表情の乏しい彼にしては、ひどく珍しい感情の発露だった。薄氷のごとき笑みであった。それは何故か、その場に臨席した人間に、この国でもっとも恐れられ、畏れられていた男を思い出させた。
赤い瞳で世界を睥睨した、亡王を。
「わざわざそれを言うためにこれを招集したのか」
言い終わる頃には、冷笑は氷が溶けるように姿を消した。ぎょっとした内務大臣の前で、アキラの顔には再び無表情が舞いもどる。
「……、まさか。他に議題があったのですよ。ですが、そう、多くの有権者の目があるここでも申し上げておきましょう」
内務大臣は硬直した表情を数秒でとりつくろった。落ち着き払った態度を表面上取り戻す。
「総帥に代わる人選は、投票で行うべきです。適材適所という言葉がある。現場主義は大いに結構、貴方には高い能力が備わっているでしょう、ですが、それは統一ニホン国元首という地位とは相容れない。ご自分でもそうは思いませんか」
ざわりと、議事堂にざわめきのさざ波が広がった。
 そこに男への批判の声は含まれておらず、議席に半ば背を向けた彼は、予想外の反発の少なさに内心ほくそ笑む。
「確かに、自分は総帥には不向きだ」
さらには、アキラの口からもそんな言葉がこぼれ出た。

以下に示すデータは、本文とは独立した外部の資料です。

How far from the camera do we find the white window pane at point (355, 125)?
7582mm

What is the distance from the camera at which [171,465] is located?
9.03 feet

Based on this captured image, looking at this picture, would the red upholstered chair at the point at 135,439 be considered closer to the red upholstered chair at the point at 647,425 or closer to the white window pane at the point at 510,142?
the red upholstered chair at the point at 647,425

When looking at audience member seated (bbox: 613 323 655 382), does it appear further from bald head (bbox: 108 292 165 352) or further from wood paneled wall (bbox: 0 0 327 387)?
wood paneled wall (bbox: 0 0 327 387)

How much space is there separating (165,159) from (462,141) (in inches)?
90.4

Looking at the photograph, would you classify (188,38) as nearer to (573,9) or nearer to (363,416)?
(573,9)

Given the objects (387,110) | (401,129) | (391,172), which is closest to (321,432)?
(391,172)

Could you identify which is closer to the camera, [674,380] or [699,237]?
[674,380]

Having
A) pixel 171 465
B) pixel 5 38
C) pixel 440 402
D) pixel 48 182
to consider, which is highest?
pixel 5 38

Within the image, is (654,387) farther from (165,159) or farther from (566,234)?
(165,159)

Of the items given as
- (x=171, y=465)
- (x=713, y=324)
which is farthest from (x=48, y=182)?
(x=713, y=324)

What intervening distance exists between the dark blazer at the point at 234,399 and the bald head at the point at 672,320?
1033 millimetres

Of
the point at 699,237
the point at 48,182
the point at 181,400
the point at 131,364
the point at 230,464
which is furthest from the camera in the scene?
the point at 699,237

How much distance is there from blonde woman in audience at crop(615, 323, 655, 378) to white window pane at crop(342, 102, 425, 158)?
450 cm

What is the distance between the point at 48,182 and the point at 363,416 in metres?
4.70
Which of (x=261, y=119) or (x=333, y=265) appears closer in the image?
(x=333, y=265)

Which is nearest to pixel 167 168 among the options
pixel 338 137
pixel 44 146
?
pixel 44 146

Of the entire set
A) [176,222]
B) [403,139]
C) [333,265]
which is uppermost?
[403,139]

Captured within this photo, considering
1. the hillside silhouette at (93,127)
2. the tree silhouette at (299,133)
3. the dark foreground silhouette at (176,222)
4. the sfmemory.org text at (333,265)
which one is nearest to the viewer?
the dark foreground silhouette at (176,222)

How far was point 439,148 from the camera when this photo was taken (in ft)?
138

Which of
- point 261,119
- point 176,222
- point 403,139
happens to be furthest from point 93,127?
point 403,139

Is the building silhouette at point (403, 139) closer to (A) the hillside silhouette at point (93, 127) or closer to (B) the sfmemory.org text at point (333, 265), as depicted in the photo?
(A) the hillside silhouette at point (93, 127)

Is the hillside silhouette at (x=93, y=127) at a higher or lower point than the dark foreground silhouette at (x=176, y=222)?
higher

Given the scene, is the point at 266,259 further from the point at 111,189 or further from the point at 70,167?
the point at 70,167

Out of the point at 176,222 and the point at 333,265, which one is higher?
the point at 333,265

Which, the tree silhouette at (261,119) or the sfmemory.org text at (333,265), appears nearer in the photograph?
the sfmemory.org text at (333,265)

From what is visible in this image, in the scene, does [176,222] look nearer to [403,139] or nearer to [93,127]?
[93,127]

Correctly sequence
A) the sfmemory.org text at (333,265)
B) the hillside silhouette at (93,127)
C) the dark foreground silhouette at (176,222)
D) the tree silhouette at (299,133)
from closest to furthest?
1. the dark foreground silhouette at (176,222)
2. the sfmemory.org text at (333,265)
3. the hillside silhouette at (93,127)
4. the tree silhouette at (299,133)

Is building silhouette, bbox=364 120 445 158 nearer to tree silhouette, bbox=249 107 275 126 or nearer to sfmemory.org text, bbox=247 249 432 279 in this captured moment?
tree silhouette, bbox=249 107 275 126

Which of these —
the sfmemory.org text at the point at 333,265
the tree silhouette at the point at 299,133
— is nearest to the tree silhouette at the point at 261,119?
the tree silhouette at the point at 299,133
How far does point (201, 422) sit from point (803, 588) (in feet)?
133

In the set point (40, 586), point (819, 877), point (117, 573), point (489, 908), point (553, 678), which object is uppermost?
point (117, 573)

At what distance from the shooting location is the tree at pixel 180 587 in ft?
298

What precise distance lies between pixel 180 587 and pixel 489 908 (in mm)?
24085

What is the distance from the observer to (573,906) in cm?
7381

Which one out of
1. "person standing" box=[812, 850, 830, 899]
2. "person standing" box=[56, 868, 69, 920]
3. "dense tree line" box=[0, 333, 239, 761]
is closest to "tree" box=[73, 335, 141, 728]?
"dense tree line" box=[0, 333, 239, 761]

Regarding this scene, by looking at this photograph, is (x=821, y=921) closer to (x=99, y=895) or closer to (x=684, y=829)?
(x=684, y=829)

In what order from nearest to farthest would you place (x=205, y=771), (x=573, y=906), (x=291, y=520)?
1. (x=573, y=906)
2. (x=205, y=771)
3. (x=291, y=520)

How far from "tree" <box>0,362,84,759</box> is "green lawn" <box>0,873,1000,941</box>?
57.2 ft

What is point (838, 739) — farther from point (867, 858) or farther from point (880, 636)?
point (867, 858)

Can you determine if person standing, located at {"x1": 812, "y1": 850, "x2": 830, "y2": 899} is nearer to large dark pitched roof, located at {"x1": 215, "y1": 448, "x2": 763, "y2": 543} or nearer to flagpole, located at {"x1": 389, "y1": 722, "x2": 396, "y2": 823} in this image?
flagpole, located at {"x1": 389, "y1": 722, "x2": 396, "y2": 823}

先程不敬だぞと男を制そうとした彼の部下も、今回は何も言わない。いつのまにか姿勢を正し、ただ黙して正面を見つめている。
「だが、この国では強さこそすべてと、定められている」
またその理論を持ち出すかと、男は内心鼻で笑った。
 軍部に主導権を与える既存のルールを、男は今後少しずつ覆すつもりでいる。総帥を失ってこの国の上層部は足並みを乱した。想像していたよりも多くの者が、状況をただ静観している。先日の会議でも、その後の根回しの際のやりとりでも、ほとんどの者はただ黙した。要するに日和見しているのだ──彼はそう判断していた。
 現代国家で力がすべてなどとのたまうなど、だいたいが馬鹿げている。
 男が最後にサーベルの手入れをしたのはもう数年も前だ。統一ニホンが創設した後一年ほどは体を鍛えもしたものの、面倒になっていつの間にかやめてしまった。必要もなかった。万一危険にさらされるようなことがあっても、誰かに自分を守らせればいいのだ。なんなら銃もある。

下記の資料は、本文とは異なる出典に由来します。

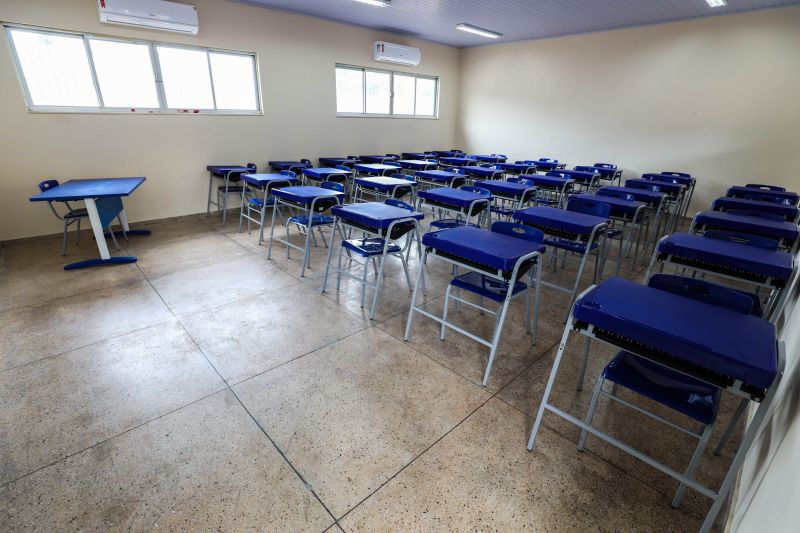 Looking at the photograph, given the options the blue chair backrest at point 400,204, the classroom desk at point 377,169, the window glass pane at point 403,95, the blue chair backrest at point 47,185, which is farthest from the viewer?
the window glass pane at point 403,95

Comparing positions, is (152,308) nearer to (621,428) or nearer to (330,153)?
(621,428)

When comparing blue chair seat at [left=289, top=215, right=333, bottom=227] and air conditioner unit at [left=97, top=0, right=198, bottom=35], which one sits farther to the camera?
air conditioner unit at [left=97, top=0, right=198, bottom=35]

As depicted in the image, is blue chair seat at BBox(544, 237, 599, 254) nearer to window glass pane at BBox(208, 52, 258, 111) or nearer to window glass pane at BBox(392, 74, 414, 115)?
window glass pane at BBox(208, 52, 258, 111)

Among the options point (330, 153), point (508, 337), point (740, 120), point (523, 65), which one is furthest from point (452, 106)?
point (508, 337)

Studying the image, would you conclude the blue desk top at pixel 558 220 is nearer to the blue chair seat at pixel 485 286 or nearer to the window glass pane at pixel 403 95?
the blue chair seat at pixel 485 286

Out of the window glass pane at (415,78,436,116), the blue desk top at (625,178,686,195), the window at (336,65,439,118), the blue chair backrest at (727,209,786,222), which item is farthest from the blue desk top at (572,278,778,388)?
the window glass pane at (415,78,436,116)

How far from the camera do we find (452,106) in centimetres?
1048

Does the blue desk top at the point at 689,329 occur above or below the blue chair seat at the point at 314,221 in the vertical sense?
above

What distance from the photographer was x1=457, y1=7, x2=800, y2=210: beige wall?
6.23 metres

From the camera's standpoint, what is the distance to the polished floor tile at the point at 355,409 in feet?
6.04

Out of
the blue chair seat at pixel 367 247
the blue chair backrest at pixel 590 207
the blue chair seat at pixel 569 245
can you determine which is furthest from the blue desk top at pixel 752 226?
the blue chair seat at pixel 367 247

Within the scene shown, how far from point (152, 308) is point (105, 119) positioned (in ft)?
12.1

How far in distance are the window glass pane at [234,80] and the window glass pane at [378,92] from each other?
275cm

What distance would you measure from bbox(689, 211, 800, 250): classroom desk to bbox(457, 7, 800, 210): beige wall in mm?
4661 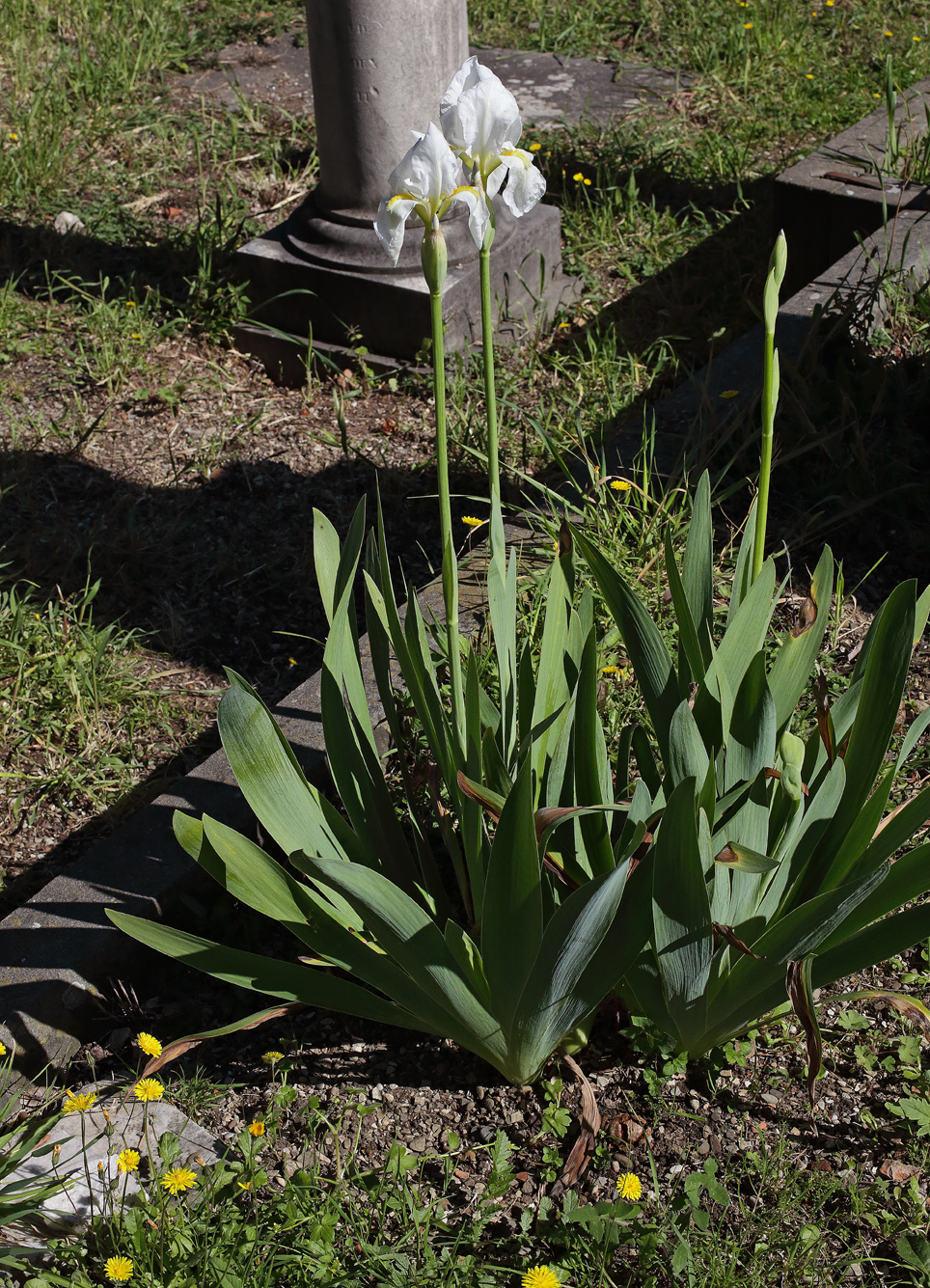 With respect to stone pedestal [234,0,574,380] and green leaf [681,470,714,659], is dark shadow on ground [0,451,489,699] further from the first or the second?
green leaf [681,470,714,659]

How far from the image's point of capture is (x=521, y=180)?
3.77 ft

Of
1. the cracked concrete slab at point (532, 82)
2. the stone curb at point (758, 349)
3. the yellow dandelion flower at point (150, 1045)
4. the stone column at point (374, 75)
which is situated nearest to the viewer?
the yellow dandelion flower at point (150, 1045)

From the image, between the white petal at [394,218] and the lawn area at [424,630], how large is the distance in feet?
1.62

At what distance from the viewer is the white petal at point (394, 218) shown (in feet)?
3.65

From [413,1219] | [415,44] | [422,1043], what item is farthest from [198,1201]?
[415,44]

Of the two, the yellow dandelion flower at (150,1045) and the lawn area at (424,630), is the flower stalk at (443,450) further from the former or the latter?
the yellow dandelion flower at (150,1045)

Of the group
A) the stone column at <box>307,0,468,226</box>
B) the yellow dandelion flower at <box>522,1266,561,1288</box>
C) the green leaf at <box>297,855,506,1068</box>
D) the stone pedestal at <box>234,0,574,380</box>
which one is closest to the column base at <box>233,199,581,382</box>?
the stone pedestal at <box>234,0,574,380</box>

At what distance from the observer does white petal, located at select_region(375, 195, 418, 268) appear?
1111 millimetres

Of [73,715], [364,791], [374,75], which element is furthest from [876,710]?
[374,75]

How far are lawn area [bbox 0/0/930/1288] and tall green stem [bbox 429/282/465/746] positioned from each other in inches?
1.3

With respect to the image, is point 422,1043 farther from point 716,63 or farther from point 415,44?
point 716,63

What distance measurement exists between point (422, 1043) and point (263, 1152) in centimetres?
29

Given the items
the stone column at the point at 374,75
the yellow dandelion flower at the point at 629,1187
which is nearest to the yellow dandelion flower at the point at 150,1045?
the yellow dandelion flower at the point at 629,1187

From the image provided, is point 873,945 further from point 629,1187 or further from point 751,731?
point 629,1187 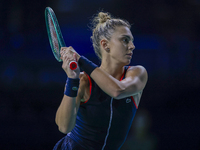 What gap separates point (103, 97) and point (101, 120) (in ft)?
0.54

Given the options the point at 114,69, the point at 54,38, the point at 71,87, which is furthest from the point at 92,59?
the point at 71,87

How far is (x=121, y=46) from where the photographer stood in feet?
5.51

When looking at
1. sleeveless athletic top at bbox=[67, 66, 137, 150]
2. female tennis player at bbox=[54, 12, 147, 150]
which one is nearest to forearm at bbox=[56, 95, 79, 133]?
female tennis player at bbox=[54, 12, 147, 150]

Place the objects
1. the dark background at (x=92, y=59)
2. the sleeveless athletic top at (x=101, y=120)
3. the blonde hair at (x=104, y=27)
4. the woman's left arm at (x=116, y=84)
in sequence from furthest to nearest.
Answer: the dark background at (x=92, y=59)
the blonde hair at (x=104, y=27)
the sleeveless athletic top at (x=101, y=120)
the woman's left arm at (x=116, y=84)

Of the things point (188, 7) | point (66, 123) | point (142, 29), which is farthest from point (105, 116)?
point (188, 7)

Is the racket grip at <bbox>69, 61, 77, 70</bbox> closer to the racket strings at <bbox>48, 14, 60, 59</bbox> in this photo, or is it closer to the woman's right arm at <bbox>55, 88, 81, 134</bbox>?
the woman's right arm at <bbox>55, 88, 81, 134</bbox>

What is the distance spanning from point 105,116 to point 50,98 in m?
2.25

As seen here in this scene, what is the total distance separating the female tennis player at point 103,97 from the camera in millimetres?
1477

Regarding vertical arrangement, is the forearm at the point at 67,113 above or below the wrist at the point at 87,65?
below

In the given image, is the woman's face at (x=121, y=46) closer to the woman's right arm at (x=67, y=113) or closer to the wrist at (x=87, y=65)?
the wrist at (x=87, y=65)

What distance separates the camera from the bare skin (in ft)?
4.74

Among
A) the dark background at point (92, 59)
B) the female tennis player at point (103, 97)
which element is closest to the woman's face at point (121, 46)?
the female tennis player at point (103, 97)

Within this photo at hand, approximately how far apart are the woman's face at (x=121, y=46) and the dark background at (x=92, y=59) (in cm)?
194

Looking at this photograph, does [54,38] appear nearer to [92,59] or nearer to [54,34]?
[54,34] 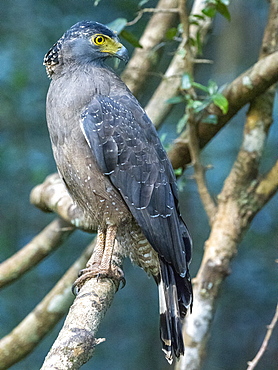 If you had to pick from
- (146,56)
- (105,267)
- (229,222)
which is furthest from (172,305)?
(146,56)

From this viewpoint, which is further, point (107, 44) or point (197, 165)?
point (197, 165)

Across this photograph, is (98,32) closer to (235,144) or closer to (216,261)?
(216,261)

「正直そのお考えも、総帥亡き今後は見直してゆくべきでしょう」
男の言と、議事堂に集められた者たちが一斉に立ち上がったのは、ほぼ同時だった。皆一様に背筋を伸ばし正面を見据える。軍で一番最初に教えられるそれは、上官の前で命令を待つ姿勢だ。
 これほど多くの賛同者がいるのかと男は錯覚する。だがつり上げ掛けた唇は、中途半端な位置で止まり、ひきつった。
 悪寒が背筋を駆ける。議事堂は不気味に静まりかえっていた。
 何故今まで気付かなかったのか不思議だった。いつの間にか何者かが、彼の後方に立っている。その存在感は抑えられて尚ひとを圧倒する。
 まるで頭のすぐ後ろで、大きな獣の顎がいっぱいに開かれているような、不吉な気配。それは少しずつ、近付いてきていた。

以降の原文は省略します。